Why Women Aren't Funny (2007) - cjdrake
http://www.vanityfair.com/culture/features/2007/01/hitchens200701

======
B-Con
Without commenting on the content of the article, I did find myself amused by
this line:

> Please do not pretend not to know what I am talking about.

So many times I will read an article that dares talk about some mildly
sensitive topic and two paragraphs in I can already see the plethora of
idiotic ways the article will be interpreted and mis-construed. It's simply
too hard to cover _all_ your bases in anything less than a thesis and there
seem to be an army of people out there who refuse to take anything written on
the Internet as less than one. When I read comments on such a piece (why, WHY,
do I do that so often?) I'm rarely disappointed.

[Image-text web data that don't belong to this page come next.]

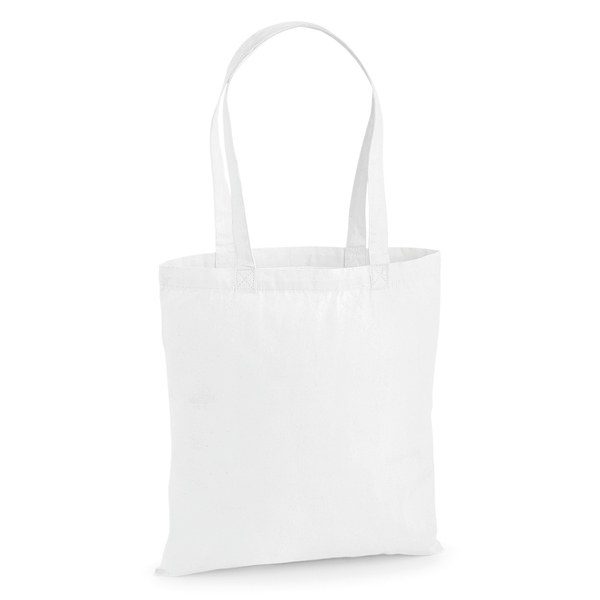 Westford Mill W201 - Versatile 100% Cotton Tote with Long Handles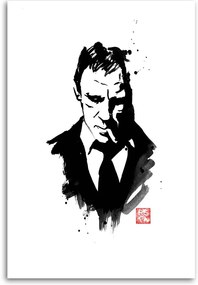 Gario Obraz na plátne James Bond Daniel Craig - Péchane Rozmery: 70 x 100 cm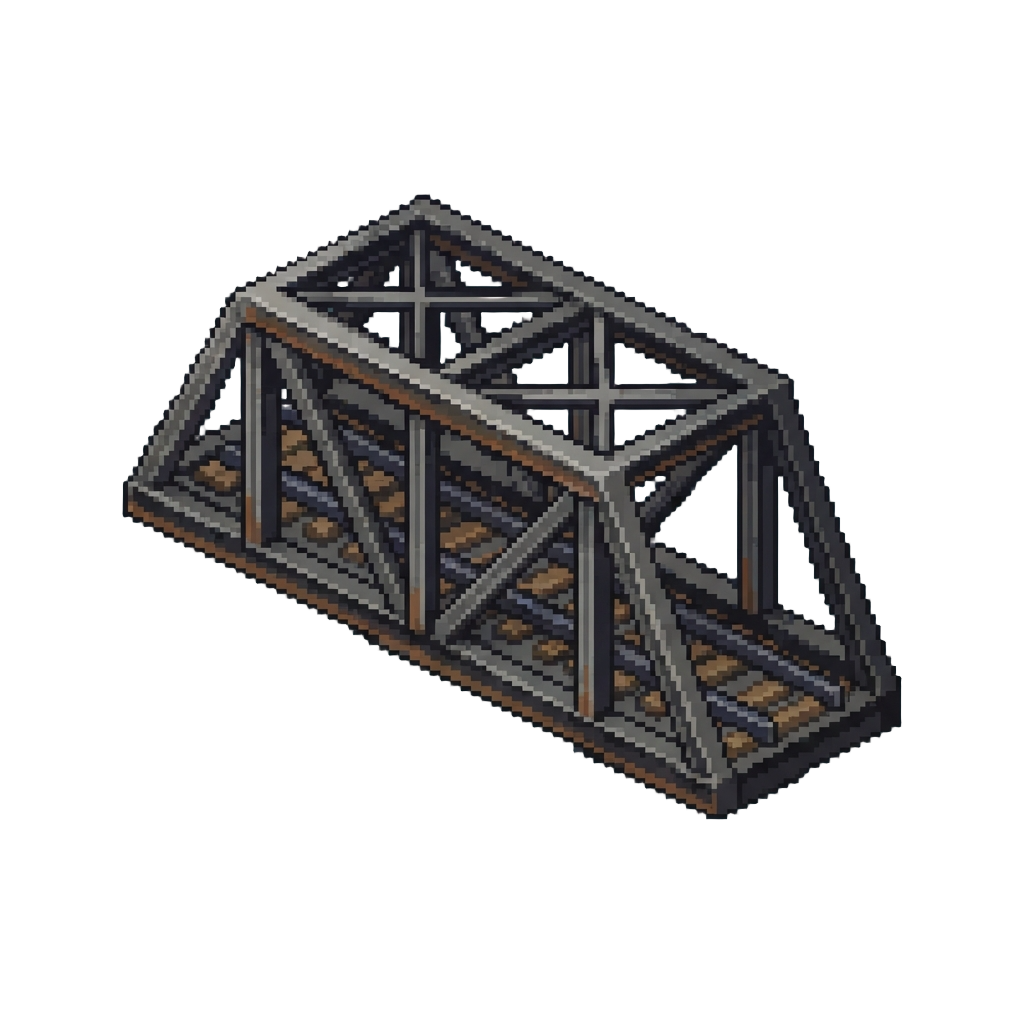 The Iron Girder Railway Bridge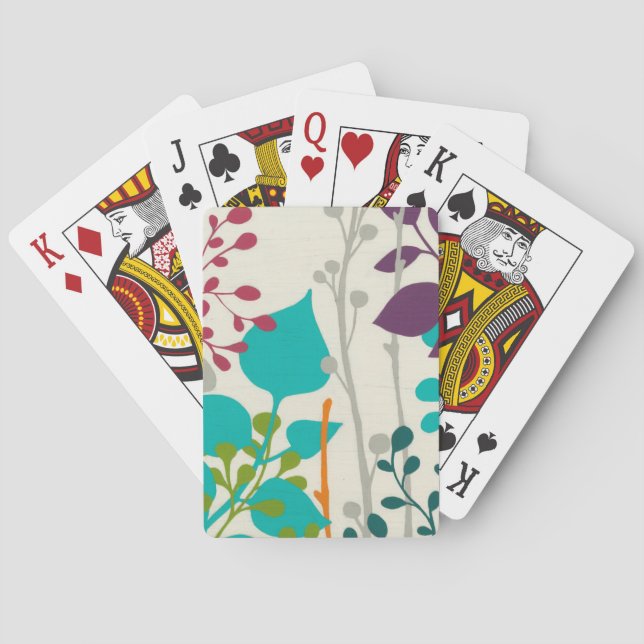 Baraja De Cartas Jardín III del metro (Reverso)
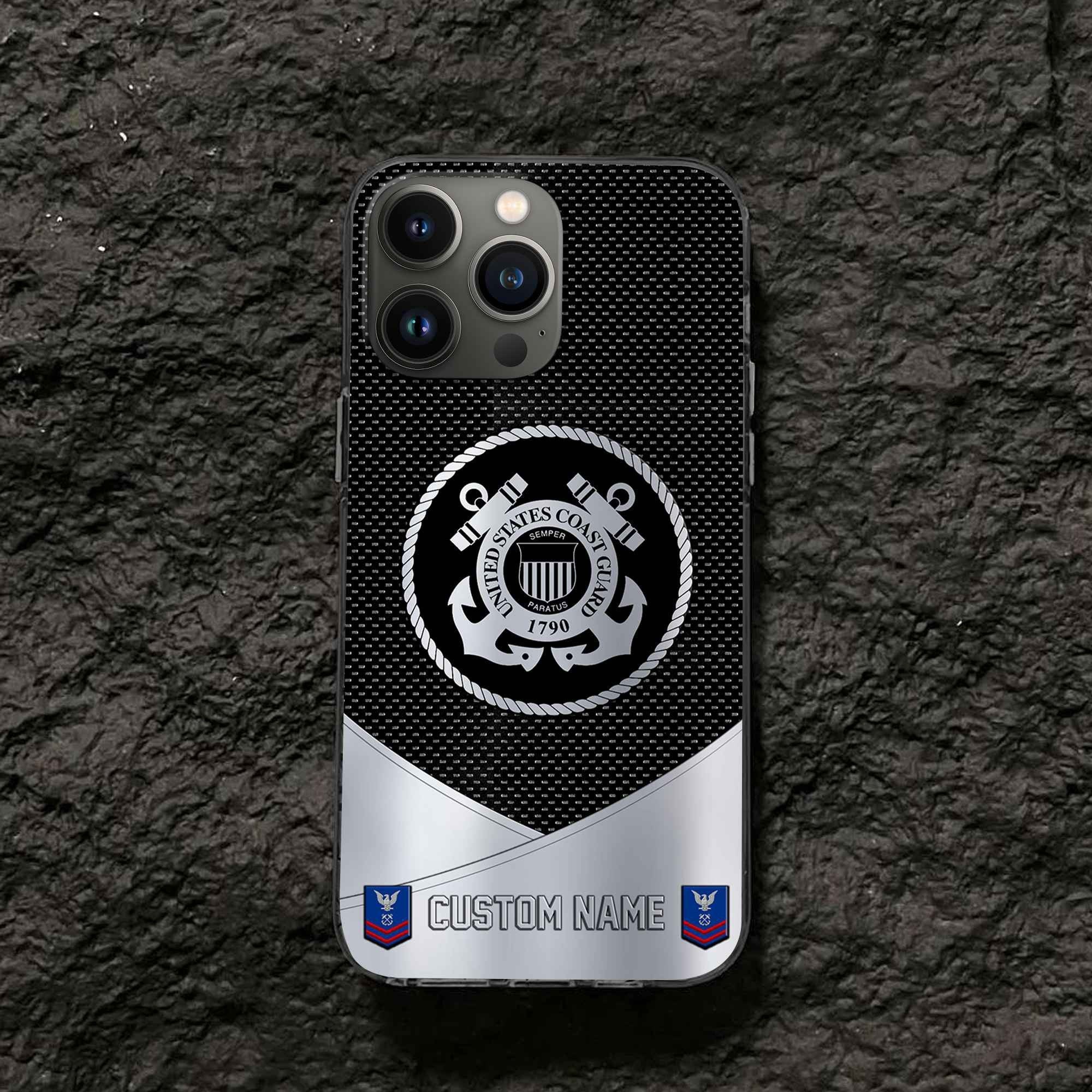 Unique Custom Name, Rank, USCG Phone Case VPVC502205, Gifts For Coast Guard Veteran, Gifts For Dad, For Husband, Best Gifts On Father's Day, Independence Day, Veterans Day.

So many of said comments are blind nit-picking, blatant misconstruing, etc,
and make me want to yell, "you KNOW what the author meant, why are you trying
so hard to PRETEND that you don't?"

Good for him -- and anyone -- for inserting this sort of "you know what I
mean?" disclaimer. In real life this kind of statement is implied in a lot of
casual conversation.

------
manicdee
Scientific research shows women are better at appreciating humour. Vanity Fair
reporter displays gross failure of reading comprehension and in a spectacular
non sequitur asserts that this means women aren't funny.

That article was a joke, right? And only women find it funny?